In a series of decays (hypothetical), the nuclide Ra-227 beomes Pb-203. How many alphas and how many betas are emitted in this series? Give two answers: first, give the number of alpha decays; then, the number of beta decays.

Question

In a series of decays (hypothetical), the nuclide Ra-227 beomes Pb-203. How many alphas and how many betas are emitted in this series?

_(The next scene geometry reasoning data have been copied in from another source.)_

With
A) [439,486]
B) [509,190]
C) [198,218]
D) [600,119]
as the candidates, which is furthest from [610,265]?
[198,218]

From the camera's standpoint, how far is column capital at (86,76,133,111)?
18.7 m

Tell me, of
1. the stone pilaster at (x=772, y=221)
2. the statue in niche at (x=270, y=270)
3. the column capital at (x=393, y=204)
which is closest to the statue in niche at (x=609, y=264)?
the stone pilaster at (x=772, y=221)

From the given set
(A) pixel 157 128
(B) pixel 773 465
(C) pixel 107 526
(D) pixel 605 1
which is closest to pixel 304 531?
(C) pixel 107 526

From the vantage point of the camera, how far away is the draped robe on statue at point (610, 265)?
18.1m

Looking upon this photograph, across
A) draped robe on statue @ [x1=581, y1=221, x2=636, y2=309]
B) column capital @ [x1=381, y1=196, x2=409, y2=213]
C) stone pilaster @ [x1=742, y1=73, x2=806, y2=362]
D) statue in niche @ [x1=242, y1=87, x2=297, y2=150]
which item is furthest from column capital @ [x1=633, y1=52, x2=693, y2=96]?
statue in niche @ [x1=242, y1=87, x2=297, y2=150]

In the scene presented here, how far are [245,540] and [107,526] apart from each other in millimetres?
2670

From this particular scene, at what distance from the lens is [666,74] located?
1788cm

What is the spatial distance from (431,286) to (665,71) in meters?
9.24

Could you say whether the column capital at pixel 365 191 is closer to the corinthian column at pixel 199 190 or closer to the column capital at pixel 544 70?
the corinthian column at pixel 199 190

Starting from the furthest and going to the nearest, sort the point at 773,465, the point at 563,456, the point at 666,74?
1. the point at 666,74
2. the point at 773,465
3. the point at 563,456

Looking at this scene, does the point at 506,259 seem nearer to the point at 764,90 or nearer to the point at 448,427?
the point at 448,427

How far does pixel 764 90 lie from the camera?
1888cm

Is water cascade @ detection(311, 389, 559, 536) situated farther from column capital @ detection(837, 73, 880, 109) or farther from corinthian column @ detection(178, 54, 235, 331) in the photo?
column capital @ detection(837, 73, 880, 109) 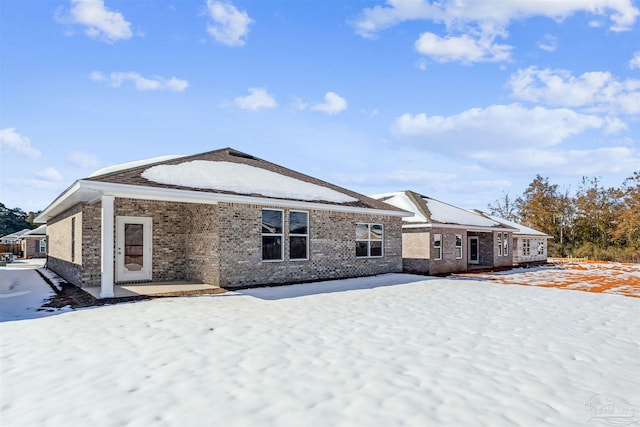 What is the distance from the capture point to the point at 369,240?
15742 millimetres

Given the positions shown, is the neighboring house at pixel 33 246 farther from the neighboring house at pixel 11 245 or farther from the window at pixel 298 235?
the window at pixel 298 235

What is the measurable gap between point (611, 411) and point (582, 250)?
39383 millimetres

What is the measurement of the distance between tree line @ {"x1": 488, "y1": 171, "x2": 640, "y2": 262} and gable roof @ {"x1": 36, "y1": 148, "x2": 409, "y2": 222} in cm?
3101

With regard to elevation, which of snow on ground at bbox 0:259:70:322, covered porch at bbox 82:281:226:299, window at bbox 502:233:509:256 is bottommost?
snow on ground at bbox 0:259:70:322

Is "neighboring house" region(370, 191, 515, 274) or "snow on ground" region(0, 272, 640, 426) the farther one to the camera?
"neighboring house" region(370, 191, 515, 274)

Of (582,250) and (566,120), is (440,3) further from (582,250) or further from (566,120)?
(582,250)

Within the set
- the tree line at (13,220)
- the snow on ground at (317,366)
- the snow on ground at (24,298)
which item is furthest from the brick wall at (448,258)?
the tree line at (13,220)

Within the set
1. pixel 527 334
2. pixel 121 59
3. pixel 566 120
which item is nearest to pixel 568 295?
pixel 527 334

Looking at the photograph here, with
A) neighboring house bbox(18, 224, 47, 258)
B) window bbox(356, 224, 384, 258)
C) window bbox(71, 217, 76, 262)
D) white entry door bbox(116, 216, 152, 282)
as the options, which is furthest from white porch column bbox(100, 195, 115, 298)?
neighboring house bbox(18, 224, 47, 258)

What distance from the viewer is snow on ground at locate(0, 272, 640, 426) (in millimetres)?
3574

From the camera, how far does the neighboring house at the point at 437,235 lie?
61.0ft

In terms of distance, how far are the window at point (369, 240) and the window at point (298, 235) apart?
8.77 ft

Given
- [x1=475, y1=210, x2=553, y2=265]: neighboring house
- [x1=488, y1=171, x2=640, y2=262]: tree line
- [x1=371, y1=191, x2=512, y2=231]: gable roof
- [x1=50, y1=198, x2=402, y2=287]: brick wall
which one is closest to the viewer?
[x1=50, y1=198, x2=402, y2=287]: brick wall

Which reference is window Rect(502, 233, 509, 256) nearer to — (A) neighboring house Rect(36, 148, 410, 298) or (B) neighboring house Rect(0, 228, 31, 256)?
(A) neighboring house Rect(36, 148, 410, 298) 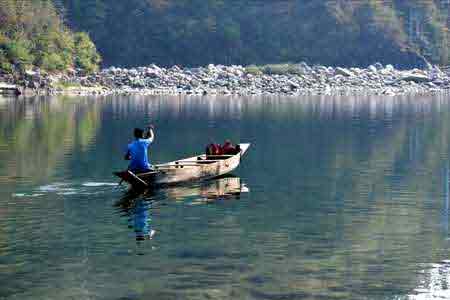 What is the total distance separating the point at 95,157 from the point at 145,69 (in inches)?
4198

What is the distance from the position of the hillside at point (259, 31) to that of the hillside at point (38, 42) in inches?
819

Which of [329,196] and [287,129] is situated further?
[287,129]

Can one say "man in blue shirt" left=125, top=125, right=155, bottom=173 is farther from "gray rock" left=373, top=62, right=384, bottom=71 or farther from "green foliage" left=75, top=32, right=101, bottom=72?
"gray rock" left=373, top=62, right=384, bottom=71

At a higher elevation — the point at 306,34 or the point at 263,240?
the point at 306,34

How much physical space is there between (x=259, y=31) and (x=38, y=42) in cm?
4972

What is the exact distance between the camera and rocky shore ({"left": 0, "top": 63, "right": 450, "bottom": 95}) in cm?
13388

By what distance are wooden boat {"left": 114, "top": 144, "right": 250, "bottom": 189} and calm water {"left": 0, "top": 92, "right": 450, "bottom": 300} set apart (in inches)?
18.3

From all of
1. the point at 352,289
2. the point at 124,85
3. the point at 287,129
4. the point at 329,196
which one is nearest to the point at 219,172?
the point at 329,196

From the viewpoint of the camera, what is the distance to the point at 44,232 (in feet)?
100

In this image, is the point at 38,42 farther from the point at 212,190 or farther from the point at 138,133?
the point at 138,133

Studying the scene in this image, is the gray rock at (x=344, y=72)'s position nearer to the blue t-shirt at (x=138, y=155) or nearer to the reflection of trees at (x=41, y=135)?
the reflection of trees at (x=41, y=135)

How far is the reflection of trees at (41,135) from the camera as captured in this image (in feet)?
152

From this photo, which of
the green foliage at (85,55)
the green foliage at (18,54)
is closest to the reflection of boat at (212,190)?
the green foliage at (18,54)

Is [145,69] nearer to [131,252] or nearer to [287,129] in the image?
[287,129] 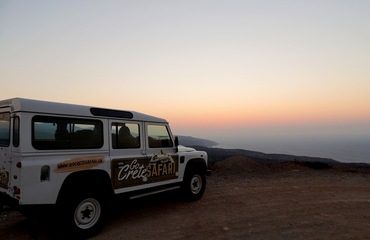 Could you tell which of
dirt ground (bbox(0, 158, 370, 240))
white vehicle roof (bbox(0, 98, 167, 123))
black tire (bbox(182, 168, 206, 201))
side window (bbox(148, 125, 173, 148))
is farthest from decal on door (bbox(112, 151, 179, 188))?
white vehicle roof (bbox(0, 98, 167, 123))

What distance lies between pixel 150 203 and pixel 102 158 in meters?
2.62

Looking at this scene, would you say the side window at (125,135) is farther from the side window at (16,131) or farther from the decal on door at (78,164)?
the side window at (16,131)

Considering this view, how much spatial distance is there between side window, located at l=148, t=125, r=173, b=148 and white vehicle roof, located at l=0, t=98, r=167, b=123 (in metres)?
0.71

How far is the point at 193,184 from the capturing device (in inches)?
310

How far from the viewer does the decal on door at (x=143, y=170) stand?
5.69 m

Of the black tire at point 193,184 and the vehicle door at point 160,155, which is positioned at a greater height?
the vehicle door at point 160,155

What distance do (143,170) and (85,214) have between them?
1580 millimetres

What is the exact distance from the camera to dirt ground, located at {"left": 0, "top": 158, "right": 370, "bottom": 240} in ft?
17.4

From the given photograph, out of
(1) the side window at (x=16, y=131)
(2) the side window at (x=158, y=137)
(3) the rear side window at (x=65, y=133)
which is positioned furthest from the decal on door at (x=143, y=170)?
(1) the side window at (x=16, y=131)

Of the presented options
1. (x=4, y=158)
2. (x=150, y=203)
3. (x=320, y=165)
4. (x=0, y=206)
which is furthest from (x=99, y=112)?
(x=320, y=165)

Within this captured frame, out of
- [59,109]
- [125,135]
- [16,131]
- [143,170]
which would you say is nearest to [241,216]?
[143,170]

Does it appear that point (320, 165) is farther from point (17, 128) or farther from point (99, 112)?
point (17, 128)

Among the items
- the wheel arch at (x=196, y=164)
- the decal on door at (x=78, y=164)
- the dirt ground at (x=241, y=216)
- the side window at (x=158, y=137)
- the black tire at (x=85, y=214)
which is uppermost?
the side window at (x=158, y=137)

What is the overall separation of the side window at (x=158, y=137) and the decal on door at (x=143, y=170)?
25 centimetres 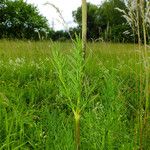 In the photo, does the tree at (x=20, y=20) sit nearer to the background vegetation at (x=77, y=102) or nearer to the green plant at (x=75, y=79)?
the background vegetation at (x=77, y=102)

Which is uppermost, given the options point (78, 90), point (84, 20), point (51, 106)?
point (84, 20)

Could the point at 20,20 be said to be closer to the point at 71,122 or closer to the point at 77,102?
the point at 71,122

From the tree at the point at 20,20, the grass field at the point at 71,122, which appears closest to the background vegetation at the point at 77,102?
the grass field at the point at 71,122

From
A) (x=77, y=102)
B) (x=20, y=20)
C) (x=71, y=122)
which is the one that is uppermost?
(x=20, y=20)

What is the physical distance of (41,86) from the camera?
4.18 meters

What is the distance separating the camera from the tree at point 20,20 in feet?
72.4

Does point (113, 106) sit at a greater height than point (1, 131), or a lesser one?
greater

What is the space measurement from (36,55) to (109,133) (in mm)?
5223

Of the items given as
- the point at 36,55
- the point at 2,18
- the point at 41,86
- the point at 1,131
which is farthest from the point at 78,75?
the point at 2,18

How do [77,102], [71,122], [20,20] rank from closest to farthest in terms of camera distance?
1. [77,102]
2. [71,122]
3. [20,20]

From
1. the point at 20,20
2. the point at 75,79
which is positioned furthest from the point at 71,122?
the point at 20,20

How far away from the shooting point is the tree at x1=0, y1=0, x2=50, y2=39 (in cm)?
2208

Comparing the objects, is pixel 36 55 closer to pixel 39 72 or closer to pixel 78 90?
pixel 39 72

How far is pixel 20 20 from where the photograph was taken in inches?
896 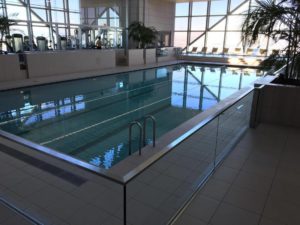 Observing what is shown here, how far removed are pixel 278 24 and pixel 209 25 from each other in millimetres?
14750

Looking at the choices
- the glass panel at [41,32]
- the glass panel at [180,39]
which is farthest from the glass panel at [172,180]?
the glass panel at [180,39]

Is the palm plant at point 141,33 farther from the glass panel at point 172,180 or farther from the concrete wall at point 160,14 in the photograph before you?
the glass panel at point 172,180

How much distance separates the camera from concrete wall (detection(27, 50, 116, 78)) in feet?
30.0

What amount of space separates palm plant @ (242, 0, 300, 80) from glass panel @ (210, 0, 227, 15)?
14.4 m

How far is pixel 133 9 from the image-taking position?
15.4m

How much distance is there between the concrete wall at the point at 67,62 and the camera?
9.13 m

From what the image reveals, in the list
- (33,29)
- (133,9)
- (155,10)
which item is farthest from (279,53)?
(155,10)

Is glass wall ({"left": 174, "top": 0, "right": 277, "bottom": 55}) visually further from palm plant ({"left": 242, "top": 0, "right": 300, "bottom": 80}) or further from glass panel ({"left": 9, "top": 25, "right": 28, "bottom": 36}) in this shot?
palm plant ({"left": 242, "top": 0, "right": 300, "bottom": 80})

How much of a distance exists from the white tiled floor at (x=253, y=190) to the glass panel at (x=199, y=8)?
54.2 feet

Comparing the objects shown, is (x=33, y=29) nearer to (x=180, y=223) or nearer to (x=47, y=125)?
(x=47, y=125)

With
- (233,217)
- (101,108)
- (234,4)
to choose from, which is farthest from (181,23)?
(233,217)

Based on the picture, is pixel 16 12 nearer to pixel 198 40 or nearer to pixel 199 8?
pixel 198 40

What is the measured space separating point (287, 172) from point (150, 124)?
9.69 feet

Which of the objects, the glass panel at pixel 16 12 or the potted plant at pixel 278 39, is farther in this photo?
the glass panel at pixel 16 12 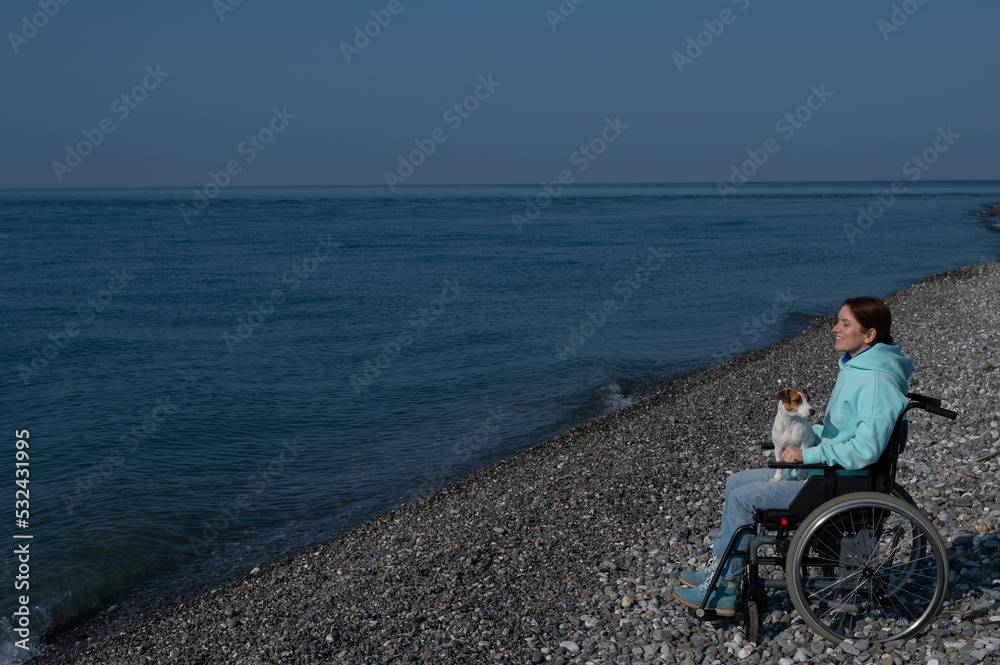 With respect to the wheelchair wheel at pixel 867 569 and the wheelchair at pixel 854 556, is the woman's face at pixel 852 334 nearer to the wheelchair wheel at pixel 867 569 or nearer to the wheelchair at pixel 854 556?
the wheelchair at pixel 854 556

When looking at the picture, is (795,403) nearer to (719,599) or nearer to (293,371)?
(719,599)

Give two answers: first, give the number of alpha decays; then, the number of beta decays.

I know that there are 6 alpha decays happening. I just do not get the beta decay part.

Answer 1

To determine the number of alpha and beta decays in the given series, we need to understand the decay process and use the concept of radioactive decay chains.

In a decay chain, each decay process leads to the formation of a different nuclide until a stable nuclide is reached. The decay can occur through the emission of alpha particles, beta particles, or other particles such as gamma rays.

In the case of Ra-227 decaying to Pb-203, let's break down the decay process step by step:

1. Ra-227 (parent nuclide) undergoes alpha decay, emitting an alpha particle (2 protons and 2 neutrons), resulting in Rn-223.
- Alpha decay: Ra-227 -> Rn-223 + alpha particle
- Count: 1 alpha decay

2. Rn-223 (daughter nuclide) undergoes alpha decay, emitting another alpha particle, resulting in Po-219.
- Alpha decay: Rn-223 -> Po-219 + alpha particle
- Count: 2 alpha decays

3. Po-219 undergoes alpha decay, emitting yet another alpha particle, resulting in Pb-215.
- Alpha decay: Po-219 -> Pb-215 + alpha particle
- Count: 3 alpha decays

4. Pb-215 undergoes beta-minus decay, emitting a beta particle (an electron) and transforming into Bi-215.
- Beta-minus decay: Pb-215 -> Bi-215 + beta particle
- Count: 1 beta decay

5. Bi-215 undergoes alpha decay, emitting an alpha particle and transforming into Tl-211.
- Alpha decay: Bi-215 -> Tl-211 + alpha particle
- Count: 4 alpha decays

6. Tl-211 undergoes beta-minus decay, emitting a beta particle and transforming into Pb-211.
- Beta-minus decay: Tl-211 -> Pb-211 + beta particle
- Count: 2 beta decays

7. Pb-211 undergoes beta-minus decay, emitting a beta particle and transforming into Bi-211.
- Beta-minus decay: Pb-211 -> Bi-211 + beta particle
- Count: 3 beta decays

8. Bi-211 undergoes alpha decay, emitting an alpha particle and transforming into Tl-207.
- Alpha decay: Bi-211 -> Tl-207 + alpha particle
- Count: 5 alpha decays

9. Tl-207 undergoes beta-minus decay, emitting a beta particle and transforming into Pb-207 (stable nuclide).
- Beta-minus decay: Tl-207 -> Pb-207 + beta particle
- Count: 4 beta decays

Therefore, in the series of decays, there are 6 alpha decays and 4 beta decays.

I hope this clarifies the process and answers your question!